Caption-style text data
BEGIN
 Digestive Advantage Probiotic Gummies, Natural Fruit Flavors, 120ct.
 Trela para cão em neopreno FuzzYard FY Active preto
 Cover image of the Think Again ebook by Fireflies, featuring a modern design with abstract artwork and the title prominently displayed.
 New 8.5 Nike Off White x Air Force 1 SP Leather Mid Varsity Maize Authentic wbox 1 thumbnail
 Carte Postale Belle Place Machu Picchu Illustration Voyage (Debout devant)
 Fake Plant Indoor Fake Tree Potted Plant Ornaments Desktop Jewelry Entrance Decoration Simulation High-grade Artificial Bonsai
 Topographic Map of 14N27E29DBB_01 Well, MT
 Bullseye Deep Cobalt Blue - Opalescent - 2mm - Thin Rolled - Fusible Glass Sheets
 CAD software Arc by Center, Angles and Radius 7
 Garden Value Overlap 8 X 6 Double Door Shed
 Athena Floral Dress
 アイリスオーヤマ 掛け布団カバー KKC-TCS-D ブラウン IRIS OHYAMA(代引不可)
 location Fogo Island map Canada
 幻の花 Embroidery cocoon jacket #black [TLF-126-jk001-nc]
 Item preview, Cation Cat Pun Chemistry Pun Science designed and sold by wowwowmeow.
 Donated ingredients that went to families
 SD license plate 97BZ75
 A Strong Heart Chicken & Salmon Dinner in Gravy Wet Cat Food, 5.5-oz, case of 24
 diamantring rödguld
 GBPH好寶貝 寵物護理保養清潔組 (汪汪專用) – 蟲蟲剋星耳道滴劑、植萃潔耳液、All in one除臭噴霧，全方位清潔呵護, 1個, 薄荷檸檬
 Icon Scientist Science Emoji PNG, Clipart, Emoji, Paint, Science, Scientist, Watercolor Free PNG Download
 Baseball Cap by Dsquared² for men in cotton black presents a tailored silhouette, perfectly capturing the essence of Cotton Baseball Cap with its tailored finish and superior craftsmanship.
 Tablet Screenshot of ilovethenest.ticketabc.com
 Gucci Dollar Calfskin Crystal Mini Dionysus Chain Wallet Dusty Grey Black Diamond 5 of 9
END
Starting at the first line of the entries above, please extract each line up to and including the line with "New 8.5 Nike", unchanged, and add nothing.

 Digestive Advantage Probiotic Gummies, Natural Fruit Flavors, 120ct.
 Trela para cão em neopreno FuzzYard FY Active preto
 Cover image of the Think Again ebook by Fireflies, featuring a modern design with abstract artwork and the title prominently displayed.
 New 8.5 Nike Off White x Air Force 1 SP Leather Mid Varsity Maize Authentic wbox 1 thumbnail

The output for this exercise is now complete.